Personal information
- Full name: Axel Wilson Arthur Disasi Mhakinis Belho
- Date of birth: 11 March 1998 (age 28)
- Place of birth: Gonesse, France
- Height: 1.91 m (6 ft 3 in)
- Position: Centre-back

Team information
- Current team: Crystal Palace (on loan from Chelsea)
- Number: 5

Youth career
- 2006–2013: Villiers-le-Bel JS
- 2013–2014: USM Senlis
- 2014–2015: Paris FC

Senior career*
- Years: Team / Apps / (Gls)
- 2015–2016: Paris FC II / 19 / (2)
- 2015–2016: Paris FC / 3 / (1)
- 2016–2019: Reims II / 36 / (2)
- 2016–2020: Reims / 45 / (2)
- 2020–2023: Monaco / 99 / (7)
- 2023–: Chelsea / 37 / (3)
- 2025: → Aston Villa (loan) / 7 / (0)
- 2026: → West Ham United (loan) / 14 / (0)
- 2026–: → Crystal Palace (loan) / 3 / (0)

International career
- 2017–2018: France U20 / 3 / (0)
- 2022–2023: France / 5 / (0)

Medal record
Men's football
Representing France
FIFA World Cup
| Runner-up | 2022 Qatar |  |

= Axel Disasi =

French footballer (born 1998)

Axel Wilson Arthur Disasi Mhakinis Belho (born 11 March 1998) is a French professional footballer who plays as a centre-back for club Crystal Palace, on loan from Chelsea.

==Early life==
Axel Wilson Arthur Disasi Mhakinis Belho was born on 11 March 1998 in Gonesse, Val-d'Oise.

==Club career==
===Early career===
As a boy Disasi represented local side Villiers-le-Bel JS from the age of eight, followed by a year at USM Senlis. He then moved to Paris FC in 2014, Disasi made his professional debut for the club in a 1–0 loss to Lens on 11 December 2015. He was later transferred to Reims in 2016.

=== Reims ===
Disasi began playing for the Reims senior team during the 2016- 2017 season in Ligue 2. In the 2017-2018 season Disasi helped Reims win Ligue 2 achieving automatic promotion to Ligue 1. Disasi made 53 appearances for Reims across all competitions.

===Monaco===
On 7 August 2020, Disasi completed a transfer from Reims to Monaco for a fee of €13 million. He signed a five-year contract with the club. On 23 August, Disasi made his debut for Monaco against his former club Reims. He scored a goal as the match ended 2–2. Disasi made 129 appearances in all competitions for Monaco.

===Chelsea===
On 4 August 2023, Disasi signed for Premier League club Chelsea on a six-year contract for a fee of £38.5 million (€45 million). He scored on his debut on 13 August in the 37th minute of a 1–1 draw at home to Liverpool, which was Chelsea's first match of the 2023–24 Premier League. On 18 February 2024, he produced a man of the match performance against title holders Manchester City in a 1–1 away draw by making 16 clearances, the most by a Chelsea player in the league in eight seasons.

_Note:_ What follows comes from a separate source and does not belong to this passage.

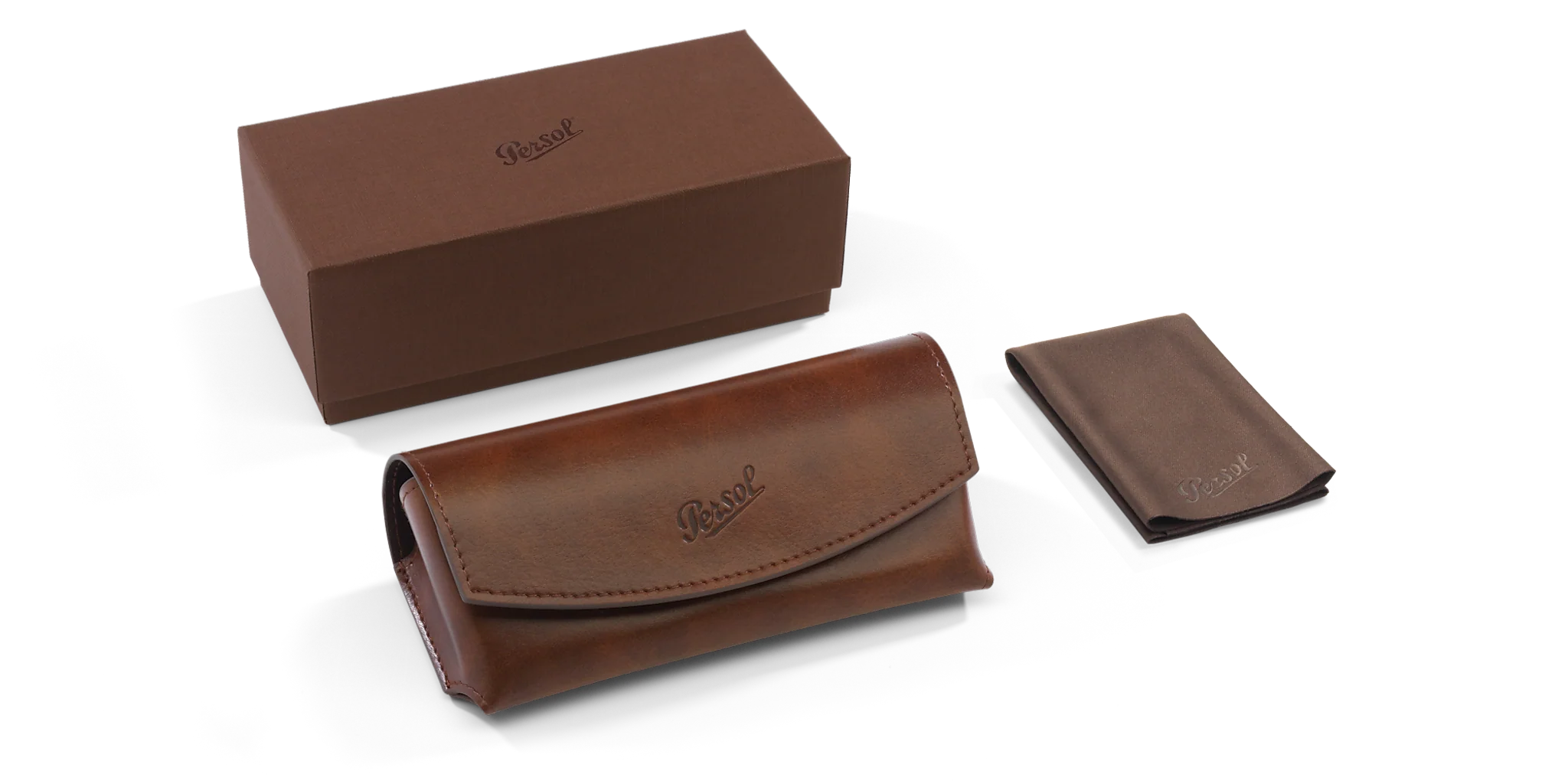 PO3348S Persol Tortoise/Grey XL - Image 6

====Loan to Aston Villa and Chelsea exile====
On 4 February 2025, Disasi signed for fellow Premier League club Aston Villa on loan for the remainder of the 2024–25 season for an undisclosed fee, reported to be £5m loan fee and wage coverage. He made his Premier League debut against Ipswich Town, in a 1–1 draw at home. On 8 March, he played a man of the match performance against Brentford away in the league, as Villa won 1–0 assisting their hopes of qualifying for European football.

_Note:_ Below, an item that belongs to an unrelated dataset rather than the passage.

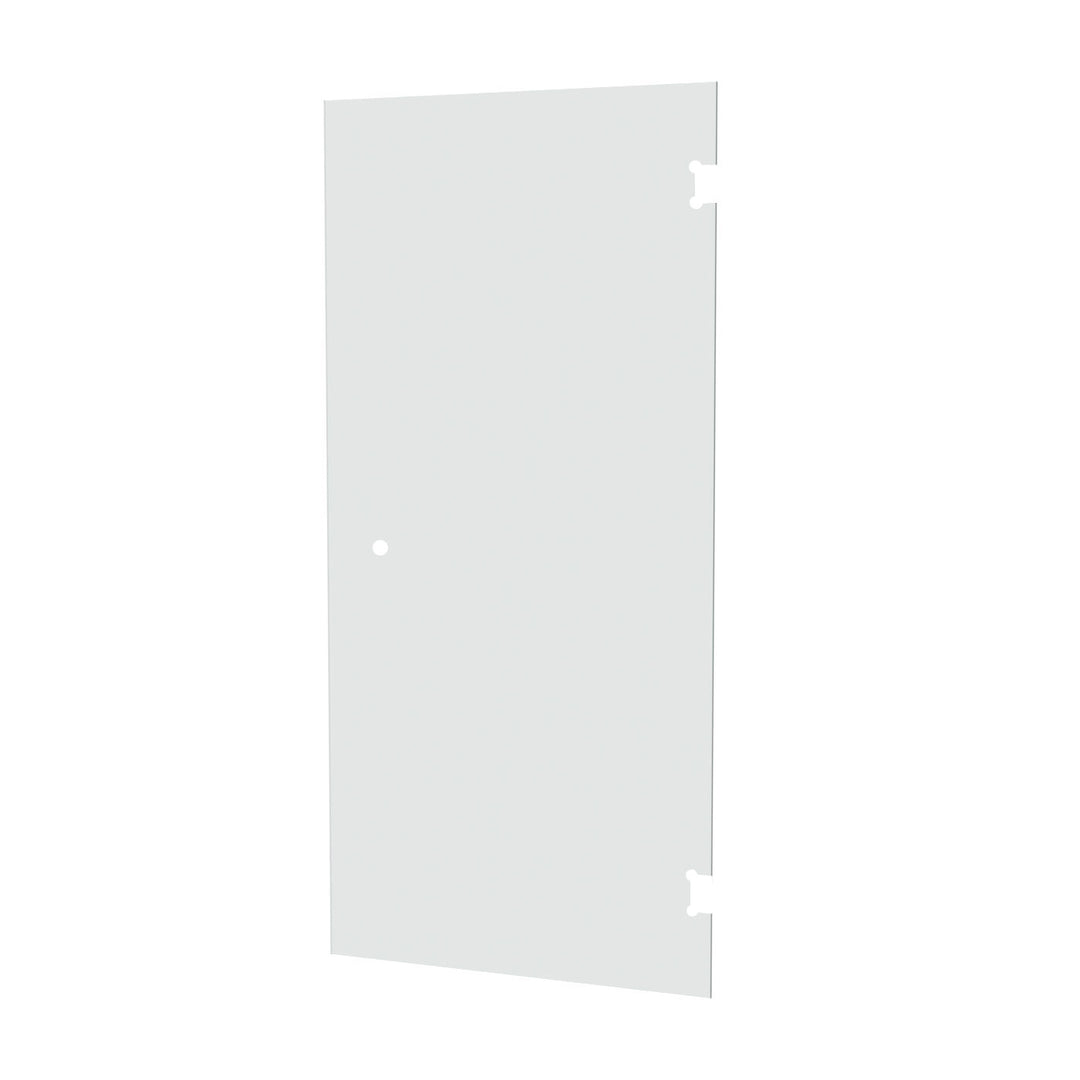 10mm Frameless Shower Screen Door Panel 1985mm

Following his return to Chelsea, Disasi was omitted the squad alongside Raheem Sterling.

====Loan to West Ham United====
On 2 February 2026, Disasi joined West Ham United on loan for the remainder of the 2025–26 season.

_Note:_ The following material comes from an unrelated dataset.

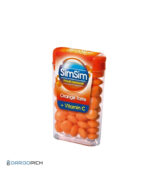 قرص خوشبو کننده دهان سیم سیم - تصویر 4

====Loan to Crystal Palace====
On 26 August 2026, Disasi joined Crystal Palace on loan for the remainder of the season.

On 12th September 2026, Disasi was shown a red card and sent off for a foul on Ipswich player Jack Clarke.

==International career==
Born in France, Disasi is of Congolese and Angolan descent and was called up to the DR Congo U20s for the 2017 Jeux de la Francophonie.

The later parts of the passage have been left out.